Better protection for crucial seagrass meadows

Diving on a seagrass meadow
The JCU seagrass ecology group diving on seagrass meadows near Cairns.

James Cook University researchers have helped develop a unique scientific model to better protect seagrasses, which are crucial habitats for fish, dugongs and turtles.

Dr Michael Rasheed, Principal Research Scientist at JCU’s Centre for Tropical Water and Aquatic Ecosystem Research (TropWATER) said seagrass, corals and mangroves are all in trouble globally.

“This is at least in part due to stressors associated with water quality, including light reduction, exposure to toxins, and smothering by sediments,” he said.

“Seagrasses are vital habitats for fisheries, provide food for green turtles and dugongs, and have a major role in capturing and storing carbon in the marine environment, helping to buffer the effects of climate change.”

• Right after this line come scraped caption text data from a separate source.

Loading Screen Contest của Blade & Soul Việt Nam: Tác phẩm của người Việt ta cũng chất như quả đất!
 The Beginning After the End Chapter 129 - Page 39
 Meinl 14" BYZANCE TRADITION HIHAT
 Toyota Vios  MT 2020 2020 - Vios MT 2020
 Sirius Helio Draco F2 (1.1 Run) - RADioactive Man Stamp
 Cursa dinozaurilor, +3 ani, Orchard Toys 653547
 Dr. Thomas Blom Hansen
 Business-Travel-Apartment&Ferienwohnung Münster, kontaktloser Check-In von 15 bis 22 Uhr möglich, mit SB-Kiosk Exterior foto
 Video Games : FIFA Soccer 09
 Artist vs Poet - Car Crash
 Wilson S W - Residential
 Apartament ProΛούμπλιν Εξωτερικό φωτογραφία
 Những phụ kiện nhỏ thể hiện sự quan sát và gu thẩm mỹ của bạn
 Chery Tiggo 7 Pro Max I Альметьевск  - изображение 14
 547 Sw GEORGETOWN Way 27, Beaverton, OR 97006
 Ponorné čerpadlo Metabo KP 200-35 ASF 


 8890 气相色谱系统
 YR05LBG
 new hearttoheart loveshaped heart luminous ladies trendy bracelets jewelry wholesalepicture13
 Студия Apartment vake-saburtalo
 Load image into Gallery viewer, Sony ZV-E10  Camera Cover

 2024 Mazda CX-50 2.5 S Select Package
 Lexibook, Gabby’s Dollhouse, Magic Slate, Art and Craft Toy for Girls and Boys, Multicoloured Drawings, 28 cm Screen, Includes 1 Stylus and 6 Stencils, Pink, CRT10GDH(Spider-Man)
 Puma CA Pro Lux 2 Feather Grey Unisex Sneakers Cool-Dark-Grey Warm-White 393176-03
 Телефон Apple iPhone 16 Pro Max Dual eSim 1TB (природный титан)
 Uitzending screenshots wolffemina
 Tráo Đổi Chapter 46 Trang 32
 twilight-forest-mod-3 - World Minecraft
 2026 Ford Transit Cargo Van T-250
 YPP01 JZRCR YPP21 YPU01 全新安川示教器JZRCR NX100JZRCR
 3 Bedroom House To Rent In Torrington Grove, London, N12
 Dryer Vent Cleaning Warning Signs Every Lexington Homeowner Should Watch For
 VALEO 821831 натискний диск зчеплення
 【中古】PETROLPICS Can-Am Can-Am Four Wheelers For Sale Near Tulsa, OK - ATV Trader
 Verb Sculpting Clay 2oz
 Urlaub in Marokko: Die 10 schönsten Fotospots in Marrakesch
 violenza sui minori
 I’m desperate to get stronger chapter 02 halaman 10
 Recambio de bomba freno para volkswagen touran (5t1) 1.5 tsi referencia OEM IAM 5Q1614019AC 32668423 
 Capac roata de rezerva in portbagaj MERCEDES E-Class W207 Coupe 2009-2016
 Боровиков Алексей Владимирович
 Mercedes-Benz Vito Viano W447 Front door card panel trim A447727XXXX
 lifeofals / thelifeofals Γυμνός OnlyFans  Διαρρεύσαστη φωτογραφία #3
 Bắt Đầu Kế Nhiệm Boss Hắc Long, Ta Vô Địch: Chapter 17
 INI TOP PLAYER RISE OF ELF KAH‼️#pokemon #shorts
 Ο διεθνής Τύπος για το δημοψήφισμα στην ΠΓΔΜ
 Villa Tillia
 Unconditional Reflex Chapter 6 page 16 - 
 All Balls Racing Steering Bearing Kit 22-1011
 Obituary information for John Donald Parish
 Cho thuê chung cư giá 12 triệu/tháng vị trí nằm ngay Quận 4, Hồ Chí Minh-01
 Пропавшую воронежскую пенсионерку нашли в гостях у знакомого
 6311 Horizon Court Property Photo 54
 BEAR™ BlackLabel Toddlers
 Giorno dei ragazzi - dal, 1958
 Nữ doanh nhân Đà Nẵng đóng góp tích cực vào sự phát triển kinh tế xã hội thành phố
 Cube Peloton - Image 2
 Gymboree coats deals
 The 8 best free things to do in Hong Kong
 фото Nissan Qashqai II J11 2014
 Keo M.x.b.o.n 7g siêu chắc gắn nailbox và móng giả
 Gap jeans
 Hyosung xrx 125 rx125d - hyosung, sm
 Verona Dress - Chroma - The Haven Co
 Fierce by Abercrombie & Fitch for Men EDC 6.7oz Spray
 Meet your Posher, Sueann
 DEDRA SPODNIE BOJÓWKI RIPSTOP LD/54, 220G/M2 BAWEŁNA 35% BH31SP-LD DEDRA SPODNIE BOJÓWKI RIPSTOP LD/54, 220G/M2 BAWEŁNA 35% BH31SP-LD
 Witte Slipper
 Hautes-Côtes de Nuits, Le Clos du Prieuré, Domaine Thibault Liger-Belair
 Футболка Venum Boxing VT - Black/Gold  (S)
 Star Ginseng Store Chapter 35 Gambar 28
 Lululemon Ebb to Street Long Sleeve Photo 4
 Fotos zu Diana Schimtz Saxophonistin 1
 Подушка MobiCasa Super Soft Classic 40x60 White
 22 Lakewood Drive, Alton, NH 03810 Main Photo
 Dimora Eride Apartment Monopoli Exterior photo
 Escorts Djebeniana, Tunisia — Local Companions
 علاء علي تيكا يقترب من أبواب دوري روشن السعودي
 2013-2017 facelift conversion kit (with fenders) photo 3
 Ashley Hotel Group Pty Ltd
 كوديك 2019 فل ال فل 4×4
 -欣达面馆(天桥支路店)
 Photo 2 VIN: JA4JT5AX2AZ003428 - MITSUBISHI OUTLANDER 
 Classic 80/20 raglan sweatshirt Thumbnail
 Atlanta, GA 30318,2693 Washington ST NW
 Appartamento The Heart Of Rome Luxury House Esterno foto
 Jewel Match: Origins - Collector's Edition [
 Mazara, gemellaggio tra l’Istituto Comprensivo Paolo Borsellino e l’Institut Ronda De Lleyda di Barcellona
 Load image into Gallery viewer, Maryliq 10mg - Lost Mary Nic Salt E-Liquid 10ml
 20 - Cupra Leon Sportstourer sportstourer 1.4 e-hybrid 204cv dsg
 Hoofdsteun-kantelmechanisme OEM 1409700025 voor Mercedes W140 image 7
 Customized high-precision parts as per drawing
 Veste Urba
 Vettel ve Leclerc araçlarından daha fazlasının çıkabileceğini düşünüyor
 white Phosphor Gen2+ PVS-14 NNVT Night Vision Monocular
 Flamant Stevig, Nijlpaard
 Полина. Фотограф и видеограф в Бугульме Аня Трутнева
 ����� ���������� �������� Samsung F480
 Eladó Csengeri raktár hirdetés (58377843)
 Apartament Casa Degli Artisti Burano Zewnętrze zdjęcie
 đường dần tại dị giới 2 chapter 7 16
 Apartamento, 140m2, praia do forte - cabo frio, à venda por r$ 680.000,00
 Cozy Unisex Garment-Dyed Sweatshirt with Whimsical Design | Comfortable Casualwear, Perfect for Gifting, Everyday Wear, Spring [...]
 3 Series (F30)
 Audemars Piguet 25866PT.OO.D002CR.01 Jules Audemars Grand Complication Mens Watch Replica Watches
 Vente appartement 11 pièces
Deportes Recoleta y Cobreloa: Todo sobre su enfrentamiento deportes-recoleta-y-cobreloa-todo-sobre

“So, coming up with globally applicable management tools to help protect them is a great step forward.”

The team, made up of researchers from six institutions, studied 28 seagrass meadows around the world.

Lead researcher, Queensland University of Technology's Dr Paul Wu, said they developed a unique model that brings together data on seagrass and the surrounding environment to predict how a seagrass meadow would cope with dredging.

He said this provided a way of predicting the best time to dredge in order to give seagrass the best and quickest chance of recovery.

“Our model can provide up to a fourfold reduction in recovery time, and up to a 35 per cent reduction in local extinction risk for seagrass species,” said Dr Wu.

“If the seagrass can come back more quickly, or we can minimise the impact, that will also help everything that depends on it.”

Dr Rasheed said they found the resilience of meadows depends most on the life history of the seagrass genus and the duration and timing of the impacting stress.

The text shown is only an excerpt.